2. Testing to the specification limit is good enough.
In most test labs, there’s a lot of focus on passing the specification. Emphasis is placed on having a “statistically significant” sample size and calculating confidence levels. All of this is absolute goodness, but in my opinion doesn’t replace the need to explore how much margin is in your product. All of the reliability in the world at the stated spec limit won’t save your bacon the day your enclosure fan goes out, or one of the pieces of equipment decides to overheat and drive up the ambient temperature for everything else in the cabinet, or… well, you get the idea.
Another important reason to explore margin is that it gives insight into your weakest link.
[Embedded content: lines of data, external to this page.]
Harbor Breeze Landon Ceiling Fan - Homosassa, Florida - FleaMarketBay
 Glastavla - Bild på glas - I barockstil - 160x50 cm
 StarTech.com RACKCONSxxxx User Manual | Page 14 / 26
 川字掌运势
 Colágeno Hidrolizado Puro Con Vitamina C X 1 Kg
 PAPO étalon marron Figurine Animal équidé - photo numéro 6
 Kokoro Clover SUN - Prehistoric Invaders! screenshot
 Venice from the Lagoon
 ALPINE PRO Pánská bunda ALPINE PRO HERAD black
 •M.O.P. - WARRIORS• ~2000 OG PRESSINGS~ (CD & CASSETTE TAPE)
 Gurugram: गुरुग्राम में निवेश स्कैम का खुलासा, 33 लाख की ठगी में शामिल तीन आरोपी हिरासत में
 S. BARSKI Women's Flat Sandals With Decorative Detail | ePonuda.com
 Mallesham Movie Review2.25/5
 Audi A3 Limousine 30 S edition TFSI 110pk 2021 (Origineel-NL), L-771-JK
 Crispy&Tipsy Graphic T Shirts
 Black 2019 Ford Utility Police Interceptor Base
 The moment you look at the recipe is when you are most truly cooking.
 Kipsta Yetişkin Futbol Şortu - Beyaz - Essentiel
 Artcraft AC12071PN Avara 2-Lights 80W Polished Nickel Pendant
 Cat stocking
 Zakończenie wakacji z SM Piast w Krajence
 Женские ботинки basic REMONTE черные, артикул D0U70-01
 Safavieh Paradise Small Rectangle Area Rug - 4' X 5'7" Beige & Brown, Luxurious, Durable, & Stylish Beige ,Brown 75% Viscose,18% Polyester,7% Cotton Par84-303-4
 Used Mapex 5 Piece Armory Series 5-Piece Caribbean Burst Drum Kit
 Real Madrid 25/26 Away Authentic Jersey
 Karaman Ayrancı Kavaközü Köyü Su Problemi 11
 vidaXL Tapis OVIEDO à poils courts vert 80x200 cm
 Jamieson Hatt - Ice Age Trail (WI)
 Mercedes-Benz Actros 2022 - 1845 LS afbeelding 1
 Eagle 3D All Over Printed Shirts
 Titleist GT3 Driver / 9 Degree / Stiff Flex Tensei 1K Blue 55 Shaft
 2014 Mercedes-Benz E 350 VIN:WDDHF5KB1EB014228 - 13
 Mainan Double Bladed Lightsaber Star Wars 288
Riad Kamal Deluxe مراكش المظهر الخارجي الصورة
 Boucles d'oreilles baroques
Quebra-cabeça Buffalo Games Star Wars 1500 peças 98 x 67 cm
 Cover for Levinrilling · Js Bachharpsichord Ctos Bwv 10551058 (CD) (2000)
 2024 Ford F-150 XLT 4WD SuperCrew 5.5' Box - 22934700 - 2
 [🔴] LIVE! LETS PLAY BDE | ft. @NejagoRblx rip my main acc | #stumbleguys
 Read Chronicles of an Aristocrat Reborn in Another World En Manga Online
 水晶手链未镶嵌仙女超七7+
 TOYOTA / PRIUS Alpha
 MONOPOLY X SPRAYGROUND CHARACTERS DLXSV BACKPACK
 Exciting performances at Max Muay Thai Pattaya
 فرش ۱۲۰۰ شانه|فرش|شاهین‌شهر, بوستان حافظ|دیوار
And oftentimes, it might be quite cost-effective to make a change that dramatically improves the margin of your product. If this sounds like an echo of the Highly Accelerated Life Testing advocated by Dr. Gregg Hobbs back in the late 1980s and 1990s, you’re exactly right. It’s not a new idea, but still a powerful one.
3. Dust testing isn’t important unless you’re deployed in the desert.
Dust isn’t restricted to the desert. It turns out it is all around us most of the time, and it can definitely affect the performance of your electronics by lowering its ability to get rid of heat (Fig. 1).
1. This IoT gateway inside a dust chamber is being tested per the IEC 60529 IP5X dust test.
But what about dust that contains a high level of pollution? Now you need to worry about how well your electronics can resist corrosion. What if you’re deploying the product in a machine shop or anywhere else where there’s a lot of conductive particulate in the air? Now you should be concerned about electrical shorting on the printed wiring boards of your electronics. Dust comes in several flavors, and you need to be aware of how your product is going to operate when it’s deployed in those environments.
4. One size vibration profile fits all.
When we talk about where IoT devices can be deployed, I always think about that old Steve Martin movie Planes, Trains, & Automobiles. It probably won’t take much effort to convince most people that the vibration profile on a train is quite different from that on a plane or in an automobile. Shipping on the water brings in yet another mode. But it is much more complicated than just sorting into four or five groups.
Take automotive as an example. You’re going to get a very different profile under the passenger seat of the cab of an 18-wheeler as compared to being mounted on the wall of the trailer it’s pulling. What if you’re deployed under hood somewhere in the engine compartment? There are lots of profiles to examine for your IoT product, and you need to be testing the relevant ones for your customers.
5. It doesn’t matter if you exercise the hardware during your environmental testing.
What if I wanted to sell you a car and told you that the engine didn’t overheat as long as you left it in park? Still interested? IoT hardware is deployed to perform some function or even multiple functions. It only makes common sense that you would put the hardware through its functional paces while doing the environmental testing to see how it handles the workload.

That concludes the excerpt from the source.